Das will wirklich gaaannnz genau überlegt sein.

Vielleicht hast Du ja einen Job, der in einem unserer Nachbarländer sehr gefragt ist, und meist zahlen die auch recht gut. Googel mal nach Jobs im näheren Ausland!?

Vielleicht bekommt Ihr/Du das ja hin. Ich wünsche Dir jedenfalls viel Erfolg.

JaneD.
 
Kleinere Wohnung (ist sicher der größte Posten, 300 halte ich für ausreichend), deine kostet sicher sehr viel mehr und Prepaidhandy. Wohngeld wäre ein Versuch wert.
Hartz4? Vergiss es und sei froh drum. 😉 Sozialhilfe gibt es nicht für Erwerbsfähige.
Du musst 250 Euro KU zahlen. Ist das vom Gericht festgelegt worden und dein Einkommen von 1050 Euro dabei berücksichtigt?
 
Zuletzt bearbeitet:
In der ohnehin schon mehr als angespannten finanziellen Situation würde ich einen Kredit für die denkbar schlechteste Lösung halten. Ein Loch wird gerissen um ein anderes zu stopfen. Im ersten Moment sieht es vielleicht wieder etwas "besser" aus, wenn man auf´s Konto schaut, aber spätestens, wenn zu dem ohnehin nicht ausreichenden Budget noch die monatliche Kredittilgung dazu kommt, sieht´s zappenduster aus.
 
In der ohnehin schon mehr als angespannten finanziellen Situation würde ich einen Kredit für die denkbar schlechteste Lösung halten. Ein Loch wird gerissen um ein anderes zu stopfen. Im ersten Moment sieht es vielleicht wieder etwas "besser" aus, wenn man auf´s Konto schaut, aber spätestens, wenn zu dem ohnehin nicht ausreichenden Budget noch die monatliche Kredittilgung dazu kommt, sieht´s zappenduster aus.

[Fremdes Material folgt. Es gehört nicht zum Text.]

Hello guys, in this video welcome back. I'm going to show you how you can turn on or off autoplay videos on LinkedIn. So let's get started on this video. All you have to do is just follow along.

Bei dem Einkommen, das gerade mal ein paar Euro über der Pfändungsfreigrenze liegt, wird ihm keine Bank eine Kredit geben.

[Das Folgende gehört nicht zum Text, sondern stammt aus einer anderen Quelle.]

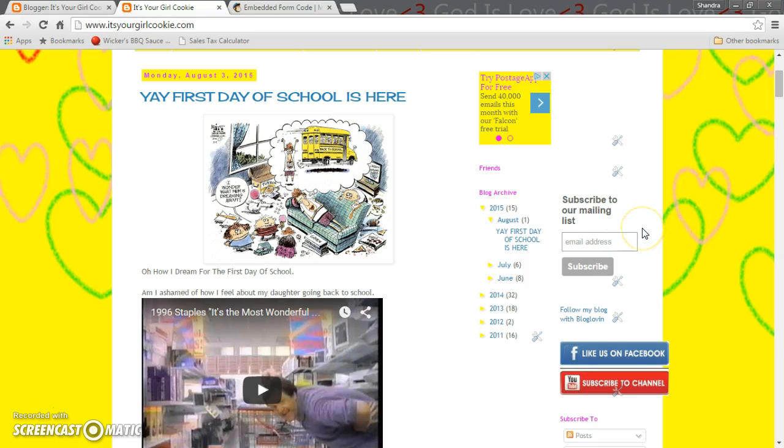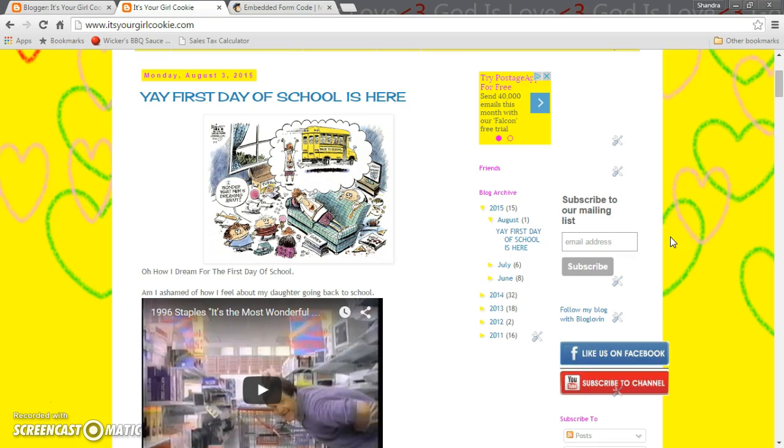But anyway so that's pretty much it as far as how to set up your own subscriber mail list. Now if you have any questions or concerns always comment below and hopefully if you like this video thumbs up. But until then my friends I hope you all have a great and wonderful day and thanks for watching. Toodaloo, bye bye.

Die wären ja mit dem Klammersack gepudert und müssten sich im Streitfalle vorwerfen lassen, dass sie sittenwidrig gehandelt haben, da sie sich eine nicht erfüllbare Leistung, nämlich die Kreditrate, haben versprechen lassen.

Vor diesem Hintergrund kann ich besten Gewissens dem Rat mit dem Kredit nur abraten!!!
 
Hallo,

also bei dem Einkommen wundert es mich das du 250€ Unterhalt für dein Kind bezahlst. Wenn ich mal an die Pfändungsgrenze denke,die liegt bei 950€. Sprich du müsstest nur 100€ zahlen. Dann hättest du zumindest 150€ mehr im Monat zur Verfügung und das ist doch schon ne ganze Menge,oder etwa nicht?


sexy-hexy
 
Mit dem Kredit habe ich mir auch überlegt, um mein Konto glatt zu bekommen, aber den Kredit könnte ich ja nicht zurückzahlen. Ich würde immer wieder ins Minus gelangen.
Ins Ausland wollen wir, aber wir wollen uns nicht selbständig machen??!!
Wohngeld beantragen? Bekomme ich das, mit meinem Gehalt überhaupt? Die Wohnung, in der ich lebe, ist für meine Gegend schon sehr preiswert mit 350€.
Mit dem Kindergeld, ich bin doch über dieser Grenze von 900€, darum dachte ich, müsste ich immer die 250€ zahlen. Aber selbst wenn nicht.. Meine Ex erpresst mich damit ein wenig. Sie sagt, wenn ich das Geld nicht zahle, wird sie sich einen Anwalt nehmen und es einklagen, da sie selbst wenig Geld hat und diese 250€ benötigt. Klar, sie wird wahrscheinlich unrecht bekommen, aber der Anwalt usw. muss trotzdem erstmal bezahlt werden.. Sie meinte, wenn ich das Geld nicht gebe, bekommt sie vom Jugendamt nicht die ganzen 250€...
 
Bei Unterhalt gilt eine andere Selbstbehaltsgrenze, 890 für Erwerbstätige. Und selbst die kann vom Gericht noch nach unten gesetzt werden.


Ps: Das war der letzte Post. Tschau 🙂
 
Wenn Du nicht zu Deiner Freundin ziehen kannst, könnte Deine Freundin nicht zu Dir ziehen? Dann hättet ihr auch geringere Kosten.